### [What you are asked to do]
Starting at the first line of the entries below, output every line exactly, up to and including the line with "SusieWood webcam".

(Data records)
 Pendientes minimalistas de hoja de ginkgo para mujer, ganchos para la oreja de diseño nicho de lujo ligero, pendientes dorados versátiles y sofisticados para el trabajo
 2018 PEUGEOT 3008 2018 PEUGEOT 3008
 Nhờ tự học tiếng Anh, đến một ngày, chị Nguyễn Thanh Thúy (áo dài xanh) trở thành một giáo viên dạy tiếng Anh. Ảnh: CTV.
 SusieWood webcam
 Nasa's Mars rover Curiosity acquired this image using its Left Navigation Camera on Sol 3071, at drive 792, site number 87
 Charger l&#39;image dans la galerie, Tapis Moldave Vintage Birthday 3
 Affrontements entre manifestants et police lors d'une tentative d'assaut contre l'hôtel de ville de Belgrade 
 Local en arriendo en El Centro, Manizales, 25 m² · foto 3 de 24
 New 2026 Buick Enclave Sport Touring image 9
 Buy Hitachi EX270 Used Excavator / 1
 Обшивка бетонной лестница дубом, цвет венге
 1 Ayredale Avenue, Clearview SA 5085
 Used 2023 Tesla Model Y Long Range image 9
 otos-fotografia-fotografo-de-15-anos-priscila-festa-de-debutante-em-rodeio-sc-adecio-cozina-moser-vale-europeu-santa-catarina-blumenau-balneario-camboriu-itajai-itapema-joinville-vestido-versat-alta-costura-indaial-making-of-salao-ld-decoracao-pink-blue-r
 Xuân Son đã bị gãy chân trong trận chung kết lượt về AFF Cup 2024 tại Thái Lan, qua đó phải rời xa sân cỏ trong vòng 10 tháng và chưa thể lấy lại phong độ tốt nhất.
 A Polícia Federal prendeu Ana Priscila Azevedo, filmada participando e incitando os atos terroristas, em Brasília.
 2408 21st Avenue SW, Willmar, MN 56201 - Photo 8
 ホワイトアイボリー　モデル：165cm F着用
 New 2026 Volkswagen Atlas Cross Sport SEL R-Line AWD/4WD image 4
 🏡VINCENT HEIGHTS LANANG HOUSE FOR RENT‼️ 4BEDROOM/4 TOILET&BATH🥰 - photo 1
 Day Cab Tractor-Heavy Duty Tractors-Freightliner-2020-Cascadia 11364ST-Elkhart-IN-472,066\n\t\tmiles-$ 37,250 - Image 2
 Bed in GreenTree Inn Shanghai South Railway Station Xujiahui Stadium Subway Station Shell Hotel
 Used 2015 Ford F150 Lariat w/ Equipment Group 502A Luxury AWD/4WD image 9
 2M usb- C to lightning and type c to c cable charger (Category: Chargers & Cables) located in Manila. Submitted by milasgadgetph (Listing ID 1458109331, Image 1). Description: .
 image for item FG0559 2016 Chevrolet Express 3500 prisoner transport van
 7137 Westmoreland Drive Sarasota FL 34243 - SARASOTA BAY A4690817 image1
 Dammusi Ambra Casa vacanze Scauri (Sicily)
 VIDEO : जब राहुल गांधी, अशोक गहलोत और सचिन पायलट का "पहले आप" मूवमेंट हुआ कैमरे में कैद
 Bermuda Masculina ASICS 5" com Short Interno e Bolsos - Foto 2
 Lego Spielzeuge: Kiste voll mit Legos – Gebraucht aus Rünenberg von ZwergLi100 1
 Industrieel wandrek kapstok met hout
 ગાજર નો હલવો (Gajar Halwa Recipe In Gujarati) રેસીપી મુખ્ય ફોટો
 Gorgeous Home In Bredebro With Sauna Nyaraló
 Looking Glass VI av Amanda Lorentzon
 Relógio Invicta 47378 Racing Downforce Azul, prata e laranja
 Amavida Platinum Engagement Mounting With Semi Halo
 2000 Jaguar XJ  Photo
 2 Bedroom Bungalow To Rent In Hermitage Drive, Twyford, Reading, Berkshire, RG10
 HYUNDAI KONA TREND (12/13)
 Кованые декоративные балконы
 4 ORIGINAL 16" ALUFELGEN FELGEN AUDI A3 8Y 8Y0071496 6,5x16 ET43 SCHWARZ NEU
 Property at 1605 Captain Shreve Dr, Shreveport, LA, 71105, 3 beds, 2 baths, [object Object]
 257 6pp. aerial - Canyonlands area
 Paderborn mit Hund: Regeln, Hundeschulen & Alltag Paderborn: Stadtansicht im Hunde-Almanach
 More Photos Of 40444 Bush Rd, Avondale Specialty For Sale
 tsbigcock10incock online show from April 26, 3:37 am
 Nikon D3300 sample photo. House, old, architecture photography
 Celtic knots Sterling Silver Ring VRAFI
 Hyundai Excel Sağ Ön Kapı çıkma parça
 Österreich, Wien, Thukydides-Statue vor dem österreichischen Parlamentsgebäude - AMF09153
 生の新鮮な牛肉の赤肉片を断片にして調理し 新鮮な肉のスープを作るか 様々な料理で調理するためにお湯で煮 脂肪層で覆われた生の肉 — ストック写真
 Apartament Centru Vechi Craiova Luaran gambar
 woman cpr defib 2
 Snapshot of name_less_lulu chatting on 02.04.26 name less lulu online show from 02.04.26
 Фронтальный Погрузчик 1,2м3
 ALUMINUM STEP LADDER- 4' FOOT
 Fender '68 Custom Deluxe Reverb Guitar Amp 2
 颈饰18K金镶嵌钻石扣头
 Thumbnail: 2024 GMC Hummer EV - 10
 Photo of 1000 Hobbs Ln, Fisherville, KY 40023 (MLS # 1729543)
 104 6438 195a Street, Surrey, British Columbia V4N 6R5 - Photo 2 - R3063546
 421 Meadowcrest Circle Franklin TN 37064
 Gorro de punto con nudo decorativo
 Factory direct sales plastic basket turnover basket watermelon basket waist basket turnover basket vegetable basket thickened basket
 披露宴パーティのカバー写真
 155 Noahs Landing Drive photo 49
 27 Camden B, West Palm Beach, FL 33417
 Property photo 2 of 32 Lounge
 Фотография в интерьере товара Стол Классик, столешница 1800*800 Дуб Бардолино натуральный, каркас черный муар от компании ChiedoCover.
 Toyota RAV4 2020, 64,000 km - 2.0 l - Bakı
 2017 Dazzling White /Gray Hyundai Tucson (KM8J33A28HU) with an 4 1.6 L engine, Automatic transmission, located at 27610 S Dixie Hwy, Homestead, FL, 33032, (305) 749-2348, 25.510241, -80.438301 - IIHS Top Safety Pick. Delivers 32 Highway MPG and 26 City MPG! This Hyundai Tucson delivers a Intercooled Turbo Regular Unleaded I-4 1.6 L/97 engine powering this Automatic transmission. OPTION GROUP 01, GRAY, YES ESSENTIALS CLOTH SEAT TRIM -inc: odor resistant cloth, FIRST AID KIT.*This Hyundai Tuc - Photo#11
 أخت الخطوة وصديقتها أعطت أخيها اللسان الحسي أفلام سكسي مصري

### [Expected output]
 Pendientes minimalistas de hoja de ginkgo para mujer, ganchos para la oreja de diseño nicho de lujo ligero, pendientes dorados versátiles y sofisticados para el trabajo
 2018 PEUGEOT 3008 2018 PEUGEOT 3008
 Nhờ tự học tiếng Anh, đến một ngày, chị Nguyễn Thanh Thúy (áo dài xanh) trở thành một giáo viên dạy tiếng Anh. Ảnh: CTV.
 SusieWood webcam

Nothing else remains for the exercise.